Define tax exemptions for the combination of customer and customer site and items for a period of time. Use rate modifiers, such as discount or surcharge percentage or special rate percentage to map the preferential or special tax rate applicability.

The tax exemption status influences the applicability of the tax exemption on transactions. The possible values are: Primary, Manual, Rejected, Unapproved, and Discontinued. The tax exemptions with the status of Primary are applicable to all transactions. The tax determination process considers Manual or Unapproved statuses only when the certificate number and the exempt reason on the transaction match with the registered tax exemption values. The Discontinued or Rejected statuses aren't considered for tax exemption processing.

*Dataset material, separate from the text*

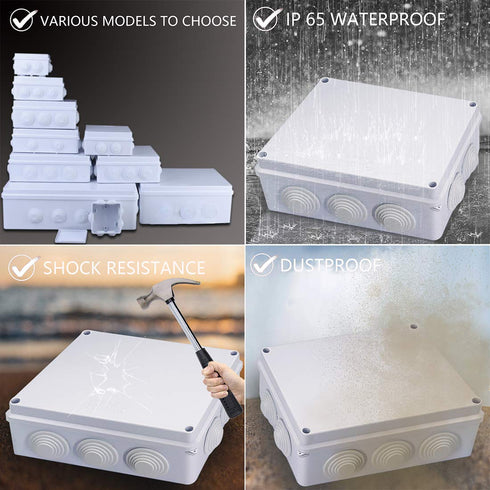 Zulkit Junction Box ABS Plastic Dustproof Waterproof IP65 Universal Electrical Boxes Project Enclosure White 7.9 x 6.1 x 3.1 inch (200 x155 x 80mm...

The tax handling option on a Receivable transaction also influences the tax exemption processing. If you use the tax handling option of:

Standard: The tax determination process considers only tax exemptions with a status of Primary

Exempt: The tax determination process considers all Primary, Manual, and Unapproved tax exemptions with reference to the certificate number and exempt reason given on the transaction.

Exempt- manual: The tax determination process creates a new tax exemption along with the given certificate number and exempt reason, with 100% discount and with a status of Unapproved if the matching condition doesn't result in filtering any existing tax exemptions.